Si fa fatica a crederlo: l’Italia è il paese europeo che sta progredendo più velocemente verso la parità di genere. Ma quello che sta facendo non è abbastanza. 

Articolo a cura di Maria Rosaria Moccia – Human Resources Associate

A seguito di reclami introdotti dalla ong internazionale University Women Europe, il Comitato europeo dei diritti sociali del Consiglio d’Europa “ha riscontrato violazioni del diritto alla parità di retribuzione e del diritto alle pari opportunità sul luogo di lavoro in 14 dei 15 Paesi” che hanno accettato “di applicare la procedura dei reclami collettivi della Carta sociale europea”. Tra i 15 Stati esaminati c’è anche l’Italia ma la sola ad aver raggiunto la sufficienza è la Svezia.
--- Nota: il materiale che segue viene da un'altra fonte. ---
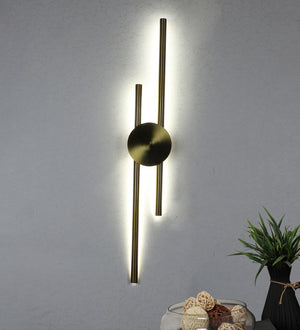 Eliante by Jainsons Lights-Modern Wall Lights-RJ-1104-LED-25W-Inbuilt LED
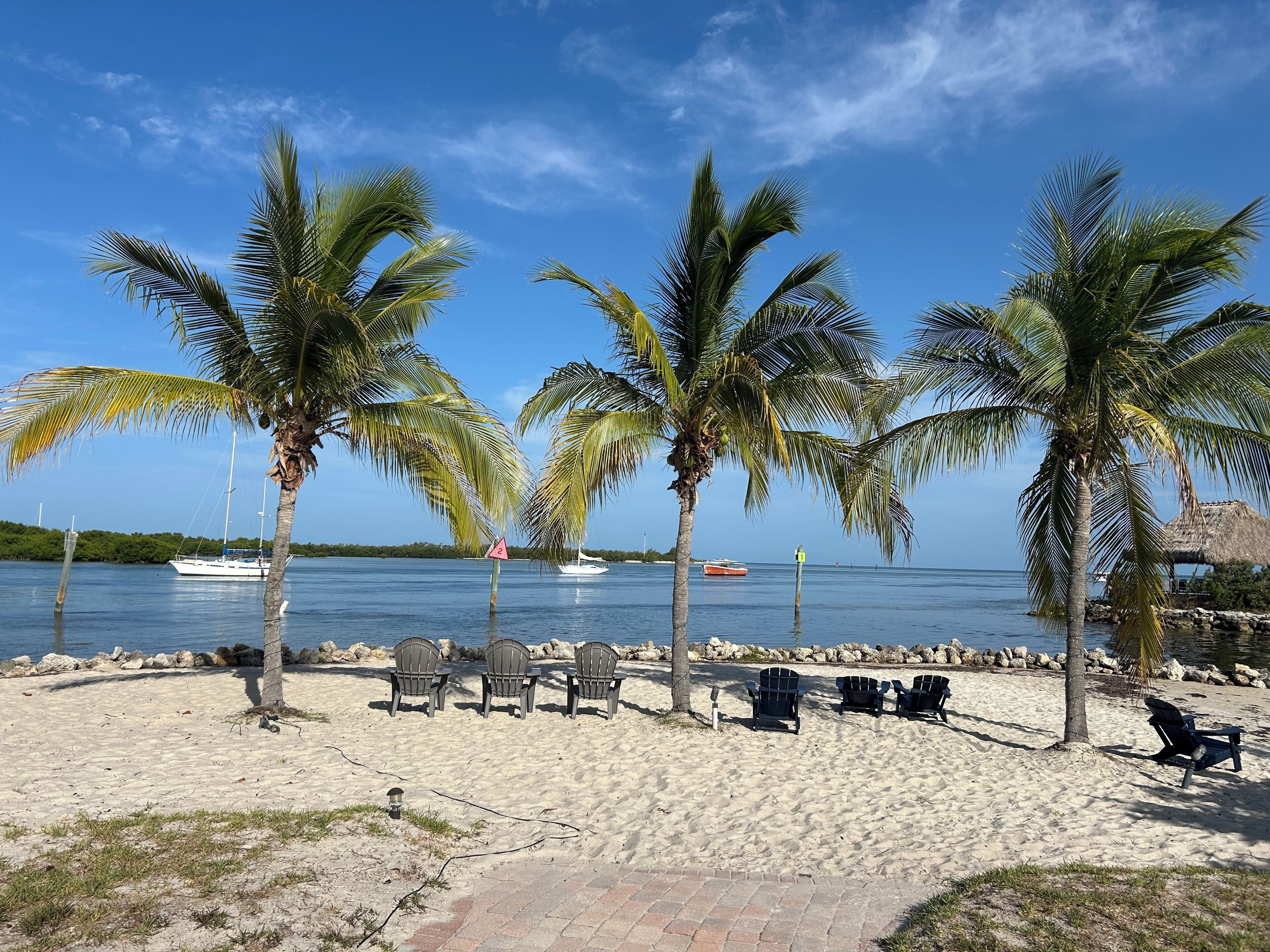 Sun-loungers
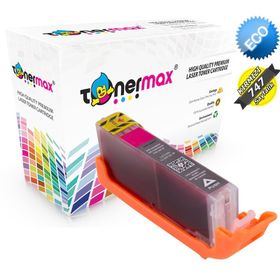 Canon CLİ-581XL Kırmızı Uyumlu Kartuş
Problematica da evidenziare, si specifica, non è solo il divario retributivo di genere, ma anche “la mancata trasparenza salariale nel mercato del lavoro, l’assenza di vie di ricorso efficaci e l’insufficienza dei poteri e mezzi conferiti agli organismi nazionali per la promozione della parità di genere”.

Secondo Strasburgo, “l’Italia ha violato i diritti delle donne perché ha fatto insufficienti progressi misurabili nel promuovere uguali opportunità per quanto concerne una pari retribuzione”.
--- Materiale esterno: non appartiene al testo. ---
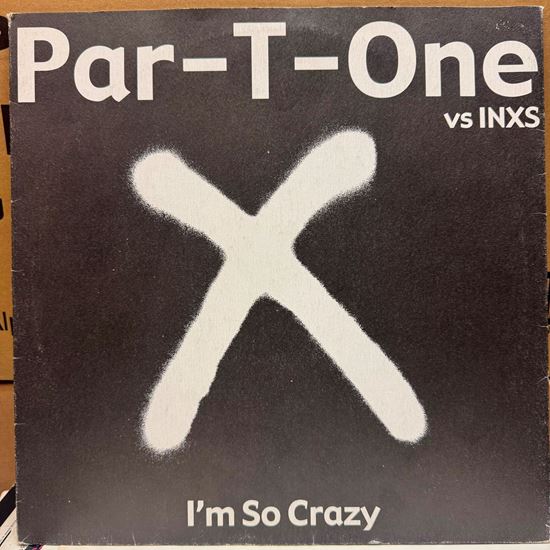 Immagine di PAR-T-ONE - I'M SO CRAZY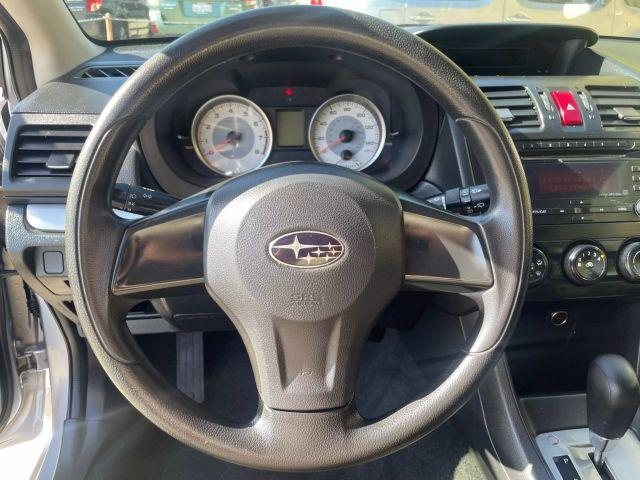 used 2012 Subaru Impreza car, priced at $7,999
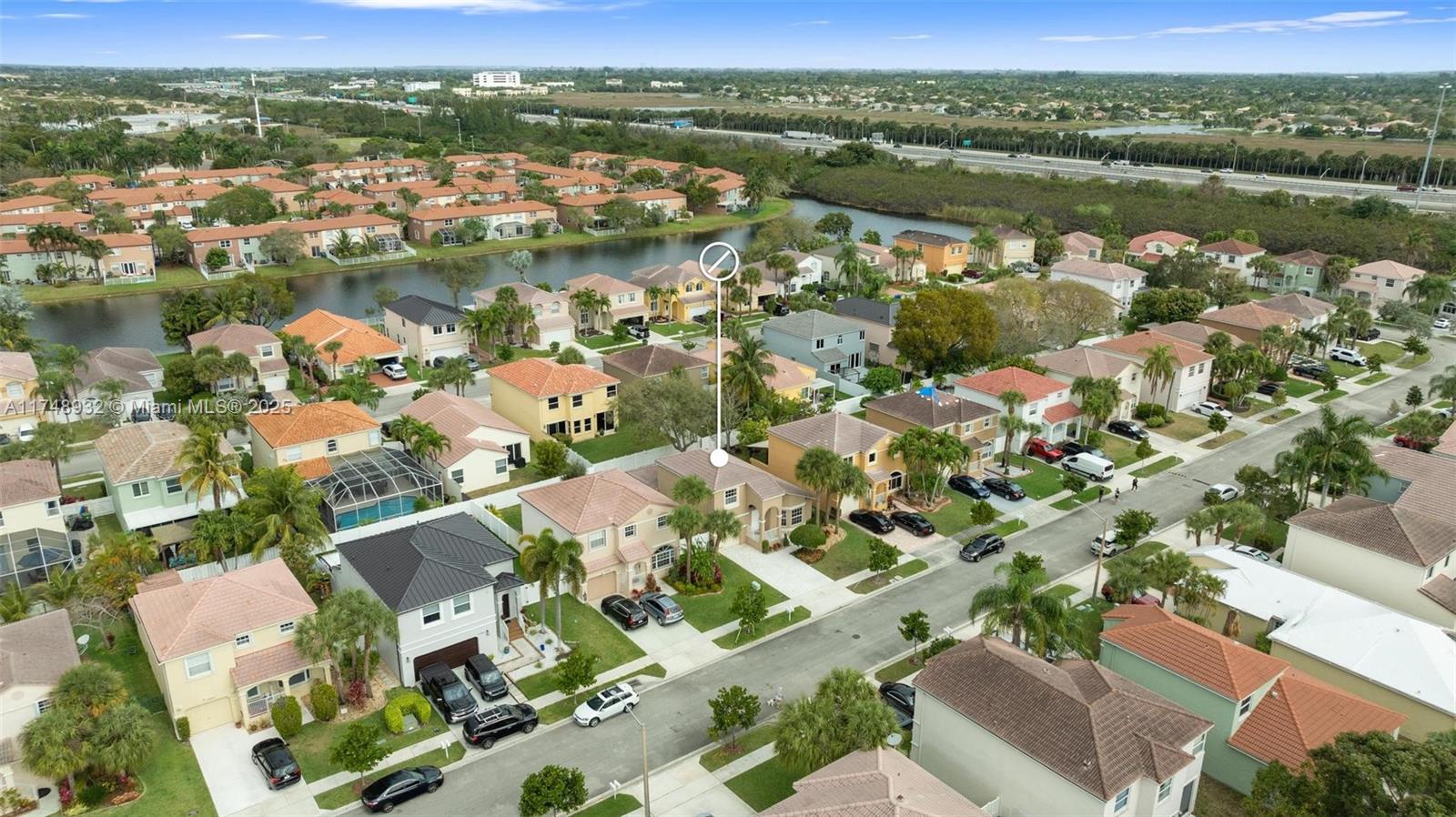 Creekside - Residential
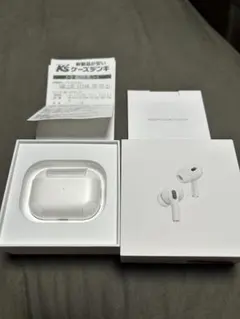 2026年最新】airpods pro 第2世代 中古の人気アイテム - メルカリ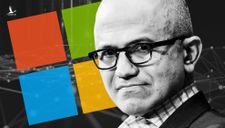Microsoft mua lại TikTok: Canh bạc của “vua Midas” Satya Nadella
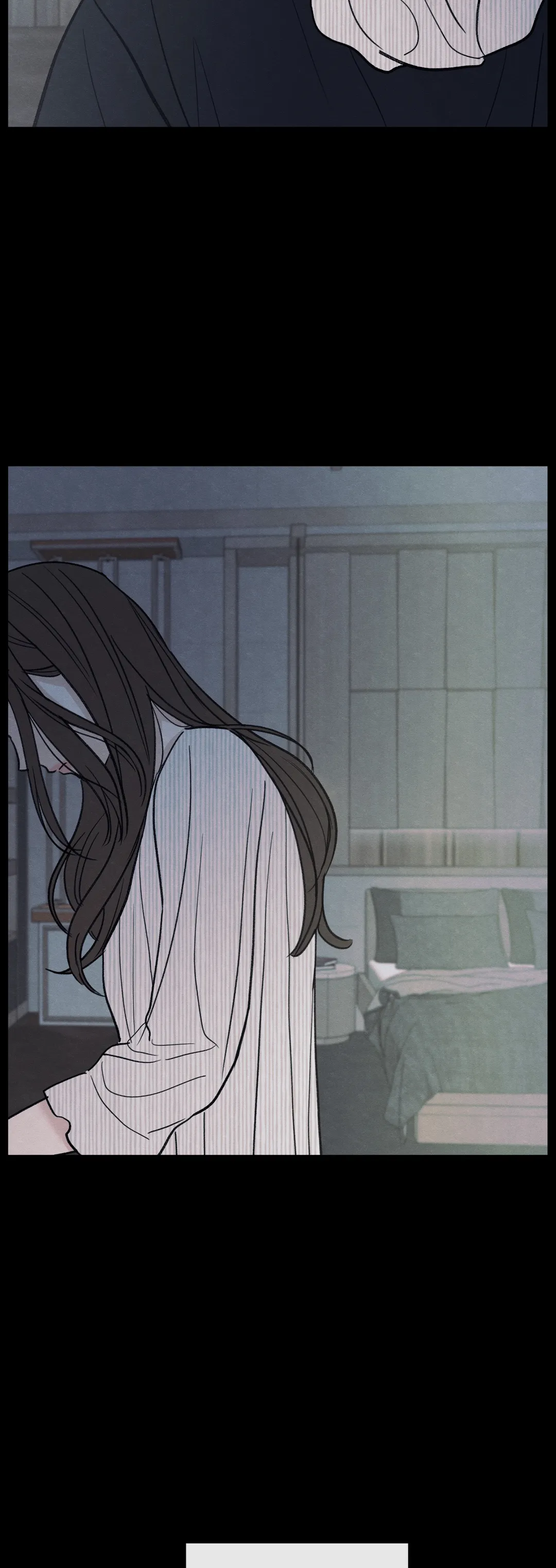 The Edge of Ambiguity - Chapter 39 manhwa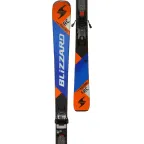 Blizzard Racing RC CA schiuri second hand | winteroutlet.ro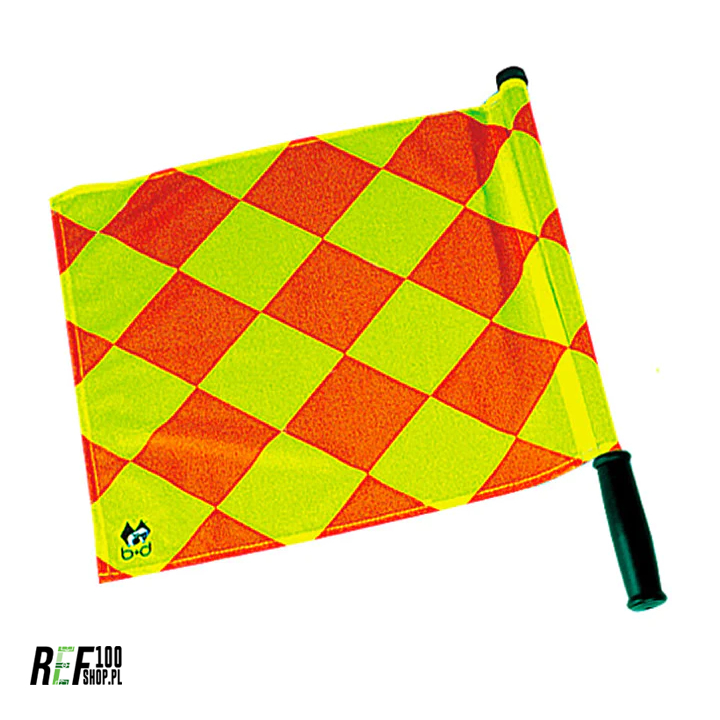 Chorągiewski sędziowskie b+d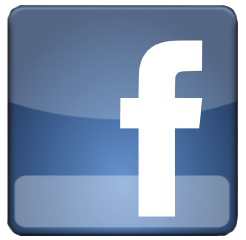 Facebook Logo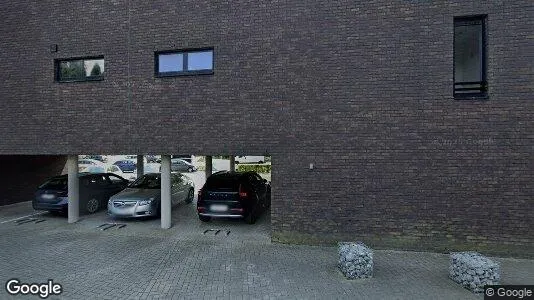 Apartments for rent in Antwerp Berchem - Photo from Google Street View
Eppure, considerando quanto emerge dal quarto «Gender Equality index» (l’indice di uguaglianza di genere) che è stato presentato il 15 Ottobre 2019 a Vilnius dall’Eige, l’agenzia europea che monitora l’uguaglianza di genere nei ventotto Stati Membri, l’Italia sta facendo bene i compiti (in 12 anni ha guadagnato quasi 14 punti) ma i risultati non sono ancora sufficienti. Anzi, sono inferiori ai punteggi medi degli altri Stati europei in tutti i settori, tranne che in quello della salute. L’Italia inoltre registra il punteggio più basso di tutti gli Stati membri dell’UE per quando riguarda le discriminazioni nell’accesso al mondo del lavoro:

-Il tasso di occupazione (delle persone di età compresa tra 20 e 64 anni) è del 53% per le donne e del 73% per gli uomini. Circa il 33% delle donne lavora a tempo parziale, contro il 9% degli uomini. In media, le donne lavorano 33 ore a settimana e gli uomini lavorano 40.
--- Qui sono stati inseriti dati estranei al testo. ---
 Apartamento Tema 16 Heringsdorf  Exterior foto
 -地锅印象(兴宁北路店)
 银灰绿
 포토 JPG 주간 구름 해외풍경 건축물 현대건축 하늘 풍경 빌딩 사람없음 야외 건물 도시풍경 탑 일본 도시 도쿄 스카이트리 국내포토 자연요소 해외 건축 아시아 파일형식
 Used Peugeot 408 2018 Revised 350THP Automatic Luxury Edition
Inoltre, la concentrazione disomogenea di donne e uomini nei diversi settori del mercato del lavoro rimane un problema». Circa il 26% delle donne lavora nell’istruzione, nella sanità e nel lavoro sociale, rispetto al 7% degli uomini. Solo il 6% delle donne lavora nelle professioni scientifiche, tecnologiche, ingegneristiche e matematiche (STEM) rispetto al 31% degli uomini. E le retribuzioni?

Nel nostro Paese sebbene i guadagni mensili medi di donne e uomini siano aumentati, le donne continuano a guadagnare il 18% in meno rispetto agli uomini. Nelle coppie con bambini, poi, le donne guadagnano il 30% in meno rispetto agli uomini. 

Altro punto saliente esaminato dal Ceds e dal Gender Equality Index è quello inerente alle posizioni di potere ricoperte dalle donne. Su questa materia, l’Italia prende il voto più basso di tutta la pagella. Anche se, va detto, è questo il campo in cui si sono registrati i miglioramenti più significativi: la percentuale di donne nei consigli di amministrazione delle maggiori società quotate in borsa è passato dal 3% al 36%.

In conclusione, il percorso che l’Italia sta intraprendendo per riuscire ad affermarsi un Paese all’avanguardia e paritario anche per le donne è ancora lungo. Tuttavia, i dati positivi di crescita devono rappresentare un fattore cardine su cui le donne di oggi e di domani potranno affidarsi per colmare l’ampio ed ingiustificato gender gap italiano.